| DATA SHOWN |
▽
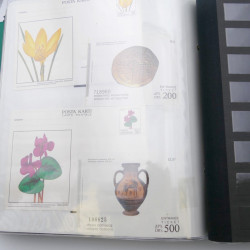 Lot de timbres de Turquie neufs et oblitérés en 2 albums.
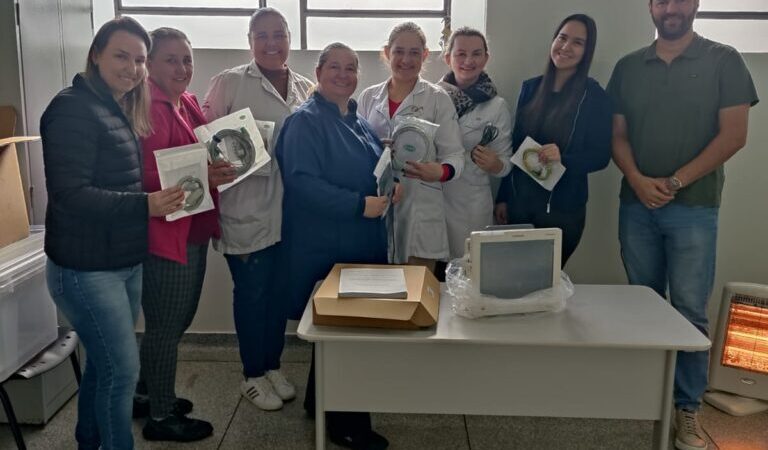 Secretaria de Saúde inicia modernização das unidades com entrega de monitor cardíaco na UBS da Rondinha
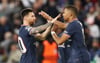 Lionel Messi (l.) and Kylian Mbappe von Paris Saint-Germain feiern das 3:2 gegen RB Leipzig am 3. Spieltag der Champions League.
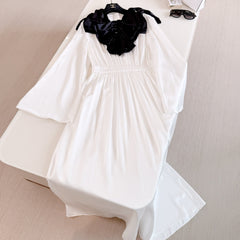 Chanel Women's Spring/Summer Bow-Tie Bell-Sleeve Silk Evening Dress Ivory Bell-Sleeve Elegant Vintage-Chic Dress Three-Dimensional Collar with Black Panel Detail Long-Length Fashionable Banquet Gown Lady #195411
△
| DESCRIPTION OF THE TASK |
Write the lines above out again exactly, without any of their pictures.

| RESPONSE AREA |
 Lot de timbres de Turquie neufs et oblitérés en 2 albums.
 Secretaria de Saúde inicia modernização das unidades com entrega de monitor cardíaco na UBS da Rondinha
 Lionel Messi (l.) and Kylian Mbappe von Paris Saint-Germain feiern das 3:2 gegen RB Leipzig am 3. Spieltag der Champions League.
 Chanel Women's Spring/Summer Bow-Tie Bell-Sleeve Silk Evening Dress Ivory Bell-Sleeve Elegant Vintage-Chic Dress Three-Dimensional Collar with Black Panel Detail Long-Length Fashionable Banquet Gown Lady #195411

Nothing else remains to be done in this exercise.